In December 2020, actor-turned-politician Kamal Hasan, leader of the Makkal Needhi Maiyam, while unveiling his party’s seven-point ‘Governance and Economic Agenda’, announced his commitment to women’s empowerment by recognising their work at home “through payment for their work at home which hitherto has been unrecognised and unmonetised”.

Though one can sense the sincerity in his idea, there are serious problems with the notion of “salary” and household care work being seen as a “job”. Nonetheless, in the past few days, this issue has been picked up by both DMK and AIADMK — the former announcing ₹1,000 for ration card holding homemakers and the latter assures ₹1,500 for homemakers plus LPG cylinders. Recognising unpaid household work is the first step for women’s empowerment and should be welcome. But monetising care by giving providers a salary is essentially disempowerment as it institutionalises the patriarchal norms of women being care givers and negates the progress made so far in gender equality. However, the fact that women’s household work has come to the centre-stage is a positive development. It is up to the people to use the momentum and make politicians go beyond monetising care to ensure a more sustainable path for gender equality in Tamil Nadu.

Burden on women

As in past crises in the current pandemic crisis too, the burden of adjustment of economic crises and recovery is disproportionately borne by women, as research by feminist economists shows. The austerity policies of the 1980s as well as after 2008 crisis, increased casualisation of labour force with more women taking on temporary and precarious employment. During recessions, women take on additional jobs that are flexible and often part-time to support the family.

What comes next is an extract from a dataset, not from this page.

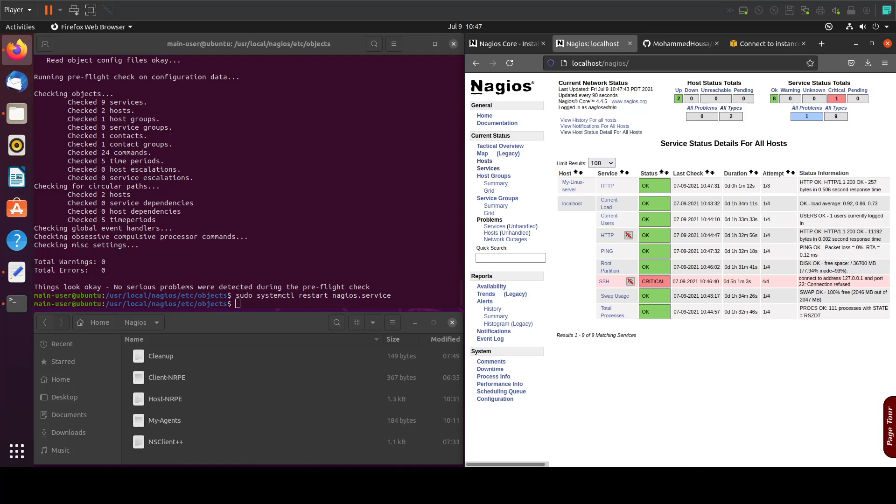This is it for this tutorial. In the next tutorial we will see how to install NS Client Plus Plus on Windows servers.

Also macroeconomic recovery policies focus solely on the economy itself — tax, credit, and labour or capital market policies to incentivise firms, banks, production sectors etc, and also the need for market reforms.

However, we fail to go beyond the proximate causes of growth and see how unpaid care and social reproduction at home and in the community are the ultimate adjustment variables that underpin the effectiveness of these policies and bring back growth. Economic growth ultimately depends on labour productivity and human capital accumulation, both of which are nourished, replenished and reinforced by women’s household unpaid care, in the short and long run.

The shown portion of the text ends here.